Part 1 - What’s a Barrier?
Part 2 - Synchronizing GPU Threads
Part 3 - Multiple Command Processors
Part 4 - GPU Preemption
Part 5 - Back To The Real World
Part 6 - Experimenting With Overlap and Preemption

Welcome back! For the past two articles we’ve been taking a in-depth look at how a fictional GPU converts command buffers into lots of shader threads, and also how synchronization of those threads affects the overall performance of the GPU. Up until now, we’ve really only been discussing things in terms of how a single application would use a GPU. This keeps things relatively simple, but in reality there’s almost never just one application that has an entire GPU to itself. Instead, the OS arbitrates multiple applications that all utilize the GPU as a shared resource, just like it does for other shared resources like the CPU or system memory. Doing it this way can make things more complex for the GPU and its driver, but it’s really important for enabling responsive multi-tasking between multiple applications that rely on the GPU for rendering (which is something that you even see on consoles these days!). It’s also critical if the OS itself relies on the GPU for rendering elements and compositing them together, which is something that Windows has done ever since the introduction of the Desktop Window Manager (DWM) with Windows Vista. In this article I’m going to talk a bit about the implications that multi-tasking can have on a GPU, and how that can potentially tie back into  multiple command processors.

Fighting Over a GPU

As I was saying earlier, in 2018 it’s no longer a safe assumption that only a single application will be using the GPU at a given point in time. There are web browsers or other productivity applications that might be using Direct2D to render UI elements. There might be streaming or voice chat applications that need to use the GPU to encode video and audio. Or there might be a VR composition service that needs always present to the headset at 90Hz, even if the VR application itself is failing to render at that framerate. Serving multiple applications is probably doable for the older MJP-3000 and its single command processor, at least as long as no single application is submitting a significant amount of work at any given time. It’s pretty reasonable to expect that a little logic in the OS or driver could work for this: the driver could maintain a queue (or multiple queues) in software, and each application could submit their command buffers to this software queue. Then whenever the GPU is idle, the driver can pick a command buffer from its queue and submit it to the GPU where it can actually get executed. So 3 apps might share the GPU like this:

multi_app

Here we have two timelines: one showing what’s enqueued in the driver (on the bottom), and one showing what’s currently executing on the GPU (top). So the red app submits a command buffer which executes for a while, then the GPU goes idle again. Then the green app submits another command buffer which executes for longer, and eventually the blue app submits a final command buffer that completes very quickly. In this scenario our setup works fine: everybody is able to use the GPU when they need it, which means that the latency for any app’s submission is roughly equal to the time it takes to complete the work on the GPU. On the flip side of things, it’s not hard to imagine a scenario where things don’t work out so nicely:

multi_app_contested

This time, the red app decided to really hog the GPU for a while. This caused the submission from the green app to sit in the driver’s queue for a long time, severely increasing the latency from submission to completion. In fact it waited so long that the blue app submitted while the green app was still waiting, causing the driver’s queue to have two submissions queued at the same time. The latency is particularly unfortunate for the blue app, whose submission had barely any work and completed very quickly once it actually had a chance to run. It would be really unfortunate if the blue app was something critical, like the operating system’s composition engine, or a browser that the user is currently interacting with.

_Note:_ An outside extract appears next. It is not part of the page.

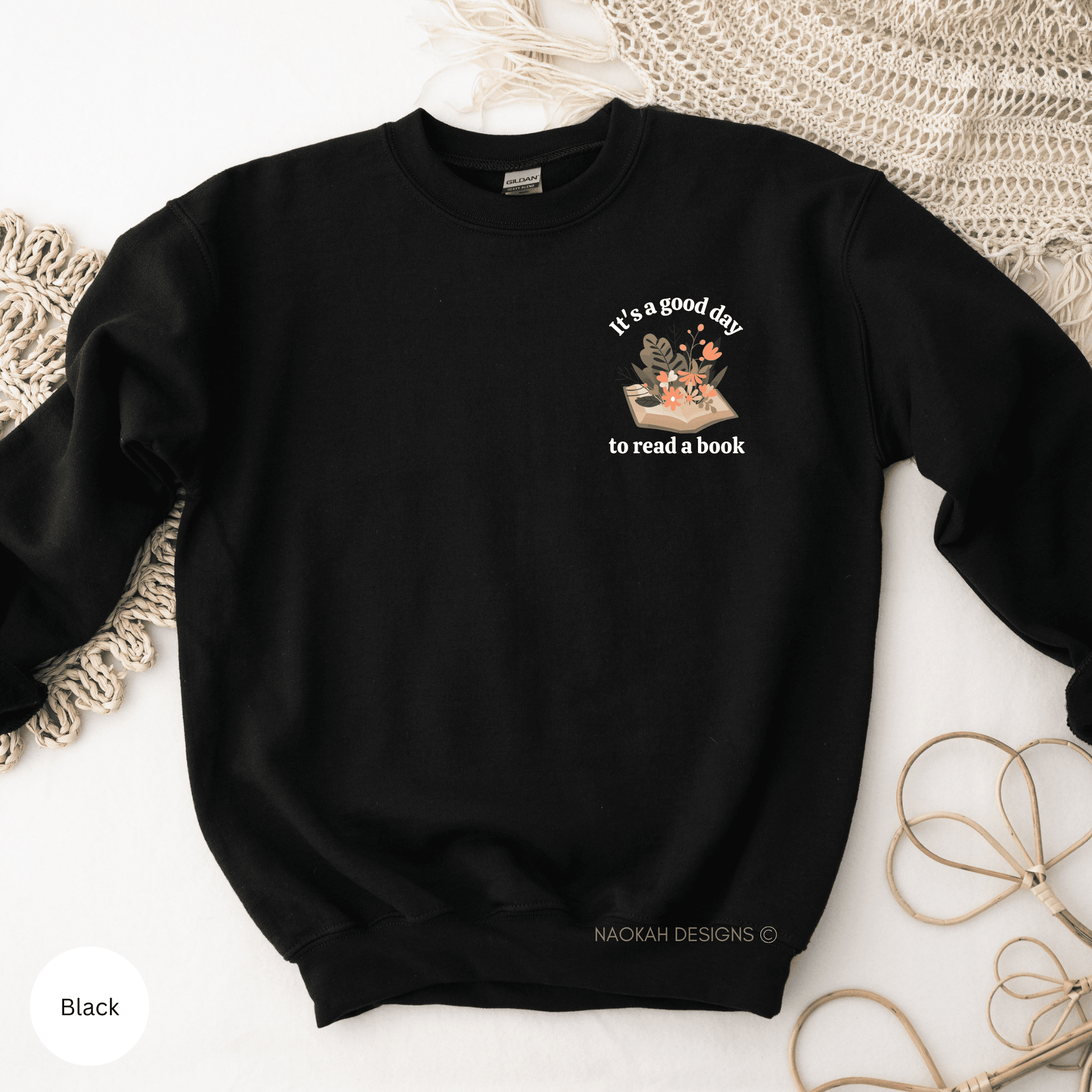 It's A Good Day To Read A Book Sweater, Reading Shirt, Gift for Teacher, Book Lover Gift For Women, Flower Book Lover, English Teacher, Literary Shirt, Bookish Shirt, Reading Shirt, Read Banned Books Shirt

To properly accommodate high-priority applications using the GPU, what we really want is some form of preemption. We essentially want to be able to interrupt an app’s workload that’s being executed by the GPU, so that we can sneak in the high-priority work without having to wait for the GPU to go idle. With the older architecture of the MJP-3000, the GPU can only be working on one command buffer at a time, and the command processor always executes that entire command buffer to completion. Therefore the easiest way to do this would be to have the OS or driver try to split an app’s submission into multiple smaller command buffers. This would effectively give the driver finer granularity to work with in its submission queue, and could potentially allow a high-priority submission to get in earlier:

multi_app_preemption

This time the driver has split up the red app’s workload into 5 command buffers, and the green app’s workload into 4 command buffers. Having more command buffers means that the driver’s queue is much deeper than before: at worst it now has 7 pending submissions simultaneously queued. However this also gives the driver more opportunities to switch to a higher-priority submission. This time around the blue submission is treated as high priority, which causes the driver to immediately move it to the top of the submission queue, which also displaces the other submissions. Thanks to the smaller command buffer size, the blue submission only needs to sit in the queue for a little bit before it has a chance to run on the GPU. This reduces the latency compared to the earlier case, where each app just submitted a single combined command buffer.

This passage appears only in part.